Trabzonspor yeni sezonun ilk iki maçını kazanarak iyi bir başlangıç yaptı, ama üzülerek söylemek isterim ki, kazanılan bu iki maçta oyun olarak Trabzonspor sahada yoktu. Geçtiğimiz sezon şampiyon olduysak bunu diğer takımların bizden daha kötü olmasına bağlayabiliriz. Eğer arada puan farkı olmasaydı lig hüsranla bitebilirdi.

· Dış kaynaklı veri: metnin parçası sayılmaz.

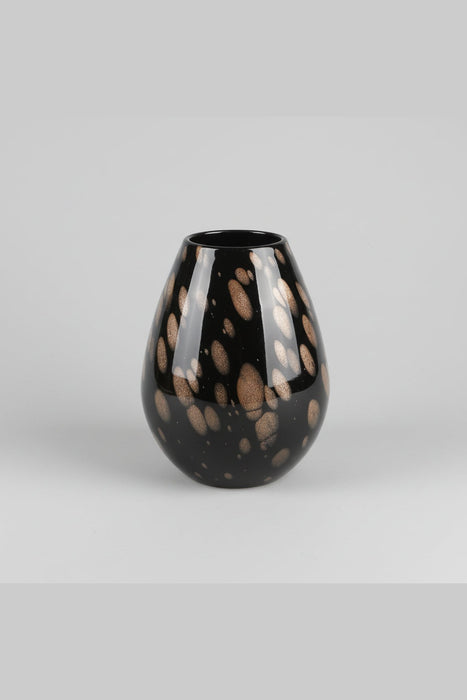 Black Speckled Bulbous Glass Vase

Ligde kötü oyuna rağmen kazanılan iki maçtan sonra, ön elemede Kopenhag ile oynadığımız gruplara kalma maçında oyun olarak Trabzonspor’u bir tık daha iyi gördüm ama guruplara kalmak için asla yeterli göremedim. Sayın Abdullah Avcı Trabzon’da turu geçeriz diye beyanatlar veriyor ama hangi oyun ve oyuncularla bunu başaracak bilemiyorum. Camianın ve hocanın turu istemesi başarı için yeterli görünmüyor oyuncularında bunu istemesi gerekiyor. Umarım gerçekleşir.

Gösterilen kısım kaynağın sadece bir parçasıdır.